If your node instance is 2 vCPU and 8GB of memory and the available space for pods is 1.73 vCPU and ~5.9GB of memory, your pause pod should match the latter.

Sizing sleep pod in overprovisioned clusters

To make sure that the Pod is evicted as soon as a real Pod is created, you can use Priorities and Preemptions.

Pod Priority indicates the importance of a Pod relative to other Pods.

When a Pod cannot be scheduled, the scheduler tries to preempt (evict) lower priority Pods to schedule the Pending pod.

You can configure Pod Priorities in your cluster with a PodPriorityClass:

priority.yaml

apiVersion: scheduling.k8s.io/v1
kind: PriorityClass
metadata:
  name: overprovisioning
value: -1
globalDefault: false
description: 'Priority class used by overprovisioning.'

Since the default priority for a Pod is 0 and the overprovisioning PriorityClass has a value of -1, those Pods are the first to be evicted when the cluster runs out of space.

PriorityClass also has two optional fields: globalDefault and description.

The description is a human-readable memo of what the PriorityClass is about.
The globalDefault field indicates that the value of this PriorityClass should be used for Pods without a priorityClassName. Only one PriorityClass with globalDefault set to true can exist in the system.

You can assign the priority to your sleep Pod with:

overprovision.yaml

apiVersion: apps/v1
kind: Deployment
metadata:
  name: overprovisioning
spec:
  replicas: 1
  selector:
    matchLabels:
      run: overprovisioning
  template:
    metadata:
      labels:
        run: overprovisioning
    spec:
      priorityClassName: overprovisioning
      containers:
        - name: reserve-resources
          image: registry.k8s.io/pause
          resources:
            requests:
              cpu: '1739m'
              memory: '5.9G'

The setup is complete!

When there are not enough resources in the cluster, the pause pod is preempted, and new pods take their place.

Since the pause pod become unschedulable, it forces the Cluster Autoscaler to add more nodes to the cluster.

Now that you're ready to overprovision your cluster, it's worth having a look at optimising your applications for scaling.

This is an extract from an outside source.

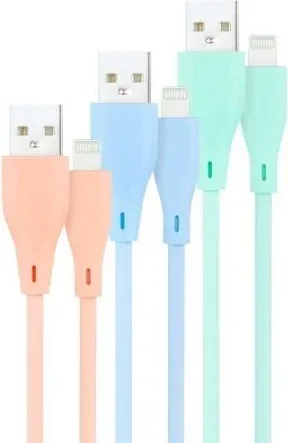 Cables USB 2.0 Lightning Nanocable 10.10.0401-A1/ USB Macho - Lightning Macho/ 1m/ 3 Unidades/ Rosa, Azul y Verde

Selecting the correct memory and CPU requests for your Pods

The cluster autoscaler makes scaling decisions based on the presence of pending pods.

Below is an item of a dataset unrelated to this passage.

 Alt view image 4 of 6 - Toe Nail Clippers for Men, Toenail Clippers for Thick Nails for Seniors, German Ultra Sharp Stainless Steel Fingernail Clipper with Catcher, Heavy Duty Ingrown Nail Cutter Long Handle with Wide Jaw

The Kubernetes scheduler assigns (or not) a Pod to a Node based on its memory and CPU requests.

Hence, it's essential to set the correct requests on your workloads, or you might be triggering your autoscaler too late (or too early).

Let's have a look at an example.

You decide to profile an application, and you found out that:

Under average load, the application consumes 512MB of memory and 0.25 vCPU.
At peak, the application should consume up to 4GB of memory and 1 vCPU.

Setting the right memory and CPU requests

The limit for your container is 4GB of memory and 1 vCPU.

However, what about the requests?

The scheduler uses the Pod's memory and CPU requests to select the best node before creating the Pod.

So you could:

Set requests lower than the actual average usage.
Be conservative and assign requests closer to the limit.
Set requests to match the actual limits.

1/3
You could assign requests that are lower than the average app consumption.
Next
2/3
Previous
You could assign requests that match the actual usage.
Next
3/3
Previous
You could set the requests so high that they match the limits of your app.

Defining requests lower than the actual usage is problematic since your nodes will be often overcommitted.

As an example, you can assign 256MB of memory as a memory request.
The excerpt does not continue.